Pepto-Bismol for Prevention??>
Ask the Experts

Pepto-Bismol for Prevention?

by Berkeley Wellness  

Q: I’ve heard that Pepto-Bismol can be taken to prevent traveler’s diarrhea, not just to treat it. Should I try this?

A: It’s something worth considering if you are traveling to a developing country, especially if you have a history of traveler’s diarrhea or are at risk from complications due to a medical condition you have. But talk with your health care provider first, since there are some caveats and contraindications.

The active ingredient in Pepto-Bismol is bismuth subsalicylate (BSS, available also generically), which has antimicrobial and anti-inflammatory effects. The typical recommendation is to take two tablets with each meal and two at bedtime (a total daily dose of 8 tablets), starting with the first meal at your destination and ending with your last meal (to be extra safe, you can take one more dose after that, which might be on the plane home). This has been shown to reduce the risk of traveler’s diarrhea by up to 65 percent. Chewable tablets or caplets (as opposed to liquid versions) are most convenient for traveling.

A harmless and temporary side effect is darkening of stool and the tongue. To prevent your tongue turning black, rinse your mouth thoroughly after chewing the tablets or, better yet, gently brush your tongue, especially after the nighttime dose. A problem with having black stools is that this could indicate gastrointestinal bleeding, something that a number of travel-related diseases produce, so taking BSS could interfere with its detection.
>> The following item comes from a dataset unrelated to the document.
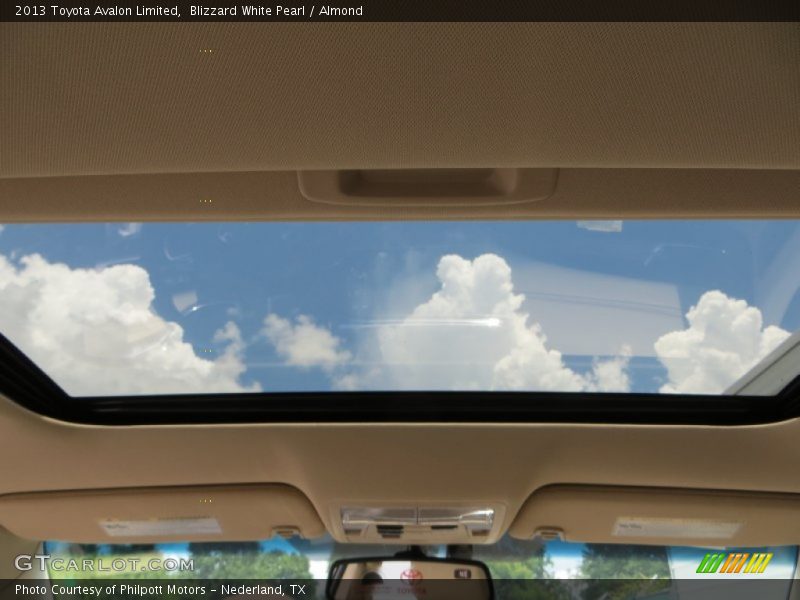 Blizzard White Pearl / Almond 2013 Toyota Avalon Limited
Other potential side effects include constipation (which some people might consider worse than getting diarrhea) and, rarely, mild and transient tinnitus (ringing in the ears), which can also happen with aspirin, another salicylate drug.
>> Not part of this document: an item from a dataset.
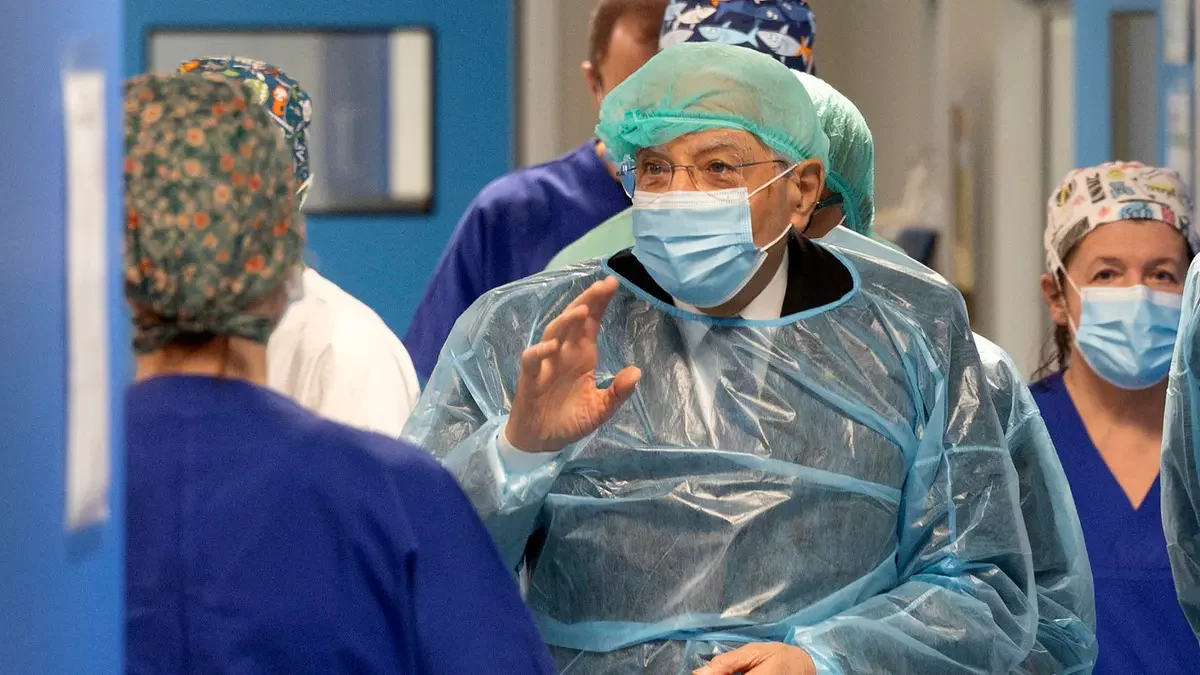 Mattarella visita no Niguarda os jovens feridos em Crans-Montana e emociona famílias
Other things to be aware of before popping these pink pills:

  • It’s generally cautioned that BSS not be taken longer than three or four weeks because there have been a few reported cases of bismuth toxicity, characterized by tremors and other neurological symptoms. A study from 1990 found that taking 12 tablets a day for 6 weeks did not have toxic effects, however. In any case, most people don’t travel long enough for bismuth toxicity to be a concern. Of greater concern is salicylate toxicity in people who concomitantly take BSS and aspirin—or who take it while also over-applying salicylate-containing liniments, such as Bengay (in the oil of wintergreen). The amount of salicylates you absorb from 8 tablets of BSS is equivalent to that of 3 or 4 adult aspirins.
  • BSS can interact with many drugs, including doxycycline, which, depending on your destination, may be recommended for malaria prevention. If you take both doxycycline and BSS on your travels, you should take them a few hours apart.
  • People with certain medical conditions, including (but not limited to) inflammatory bowel disease, should not take BSS. Children under 3 should not take BSS. Consult your doctor before giving it to children between the ages of 3 and 12. It should not be taken by anyone who is allergic or sensitive to aspirin.
  • BSS is not a substitute for being careful about what and where you eat and drink when you travel to developing countries. You should still generally avoid tap water (and even bottled water without a proper seal), unpeeled raw fruits and vegetables, salads, unpasteurized dairy foods, undercooked meats and shellfish, and street foods.
  • Rather than recommend BSS prophylactically, some doctors advise that travelers bring the anti-diarrheal drug loperamide (available by prescription or over the counter, as in Immodium) and antibiotics with them to use only if they become very sick.